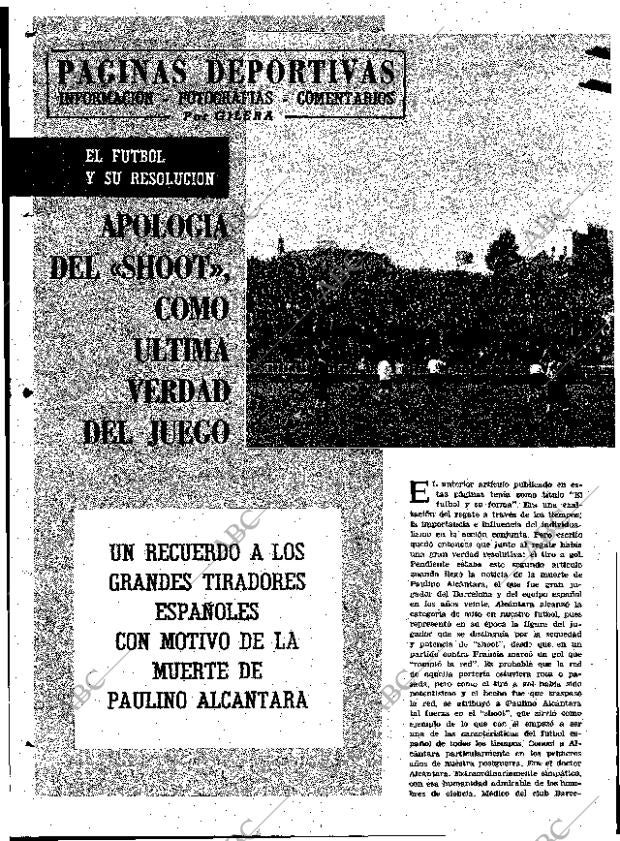 ABC MADRID 22-02-1964 página 24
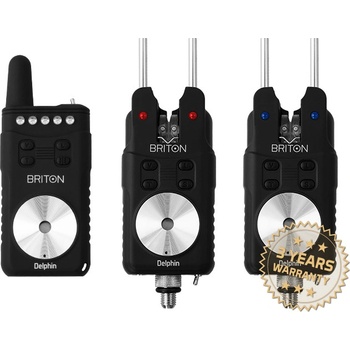 Delphin Signalizátor Briton Modrá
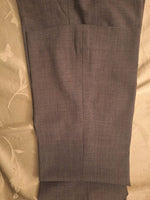 Women's Dress Pants Size XS, Possibly Wool, Possibly Gabardine, Good Condition
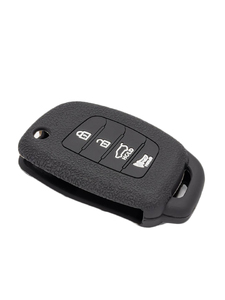 Чехол силиконовый для HYUNDAI (001) SANTA F/SONATA/TUCSON/I30/I40/I45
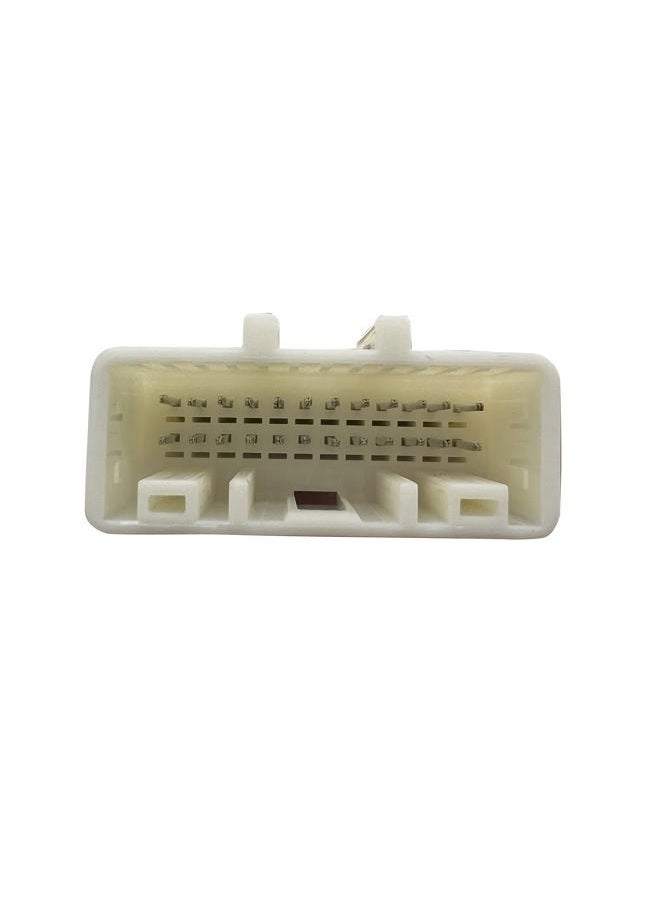 YongjiangXia Reverse Backup Camera Car Radio Stereo T-Harness for Rear View for Scion Toyota - Image 3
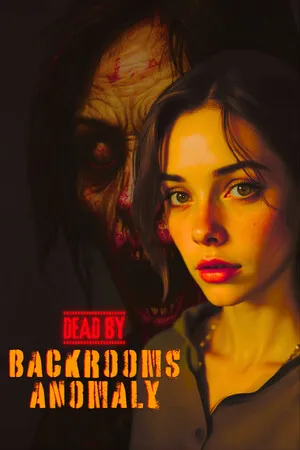 Portada de Dead by Backrooms Anomaly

***

What is being asked: Leave out all pictures, then copy the remaining material exactly.

Response for this exercise:
 ABC MADRID 22-02-1964 página 24
 Delphin Signalizátor Briton Modrá
 Women's Dress Pants Size XS, Possibly Wool, Possibly Gabardine, Good Condition
 Чехол силиконовый для HYUNDAI (001) SANTA F/SONATA/TUCSON/I30/I40/I45
 YongjiangXia Reverse Backup Camera Car Radio Stereo T-Harness for Rear View for Scion Toyota - Image 3
 Portada de Dead by Backrooms Anomaly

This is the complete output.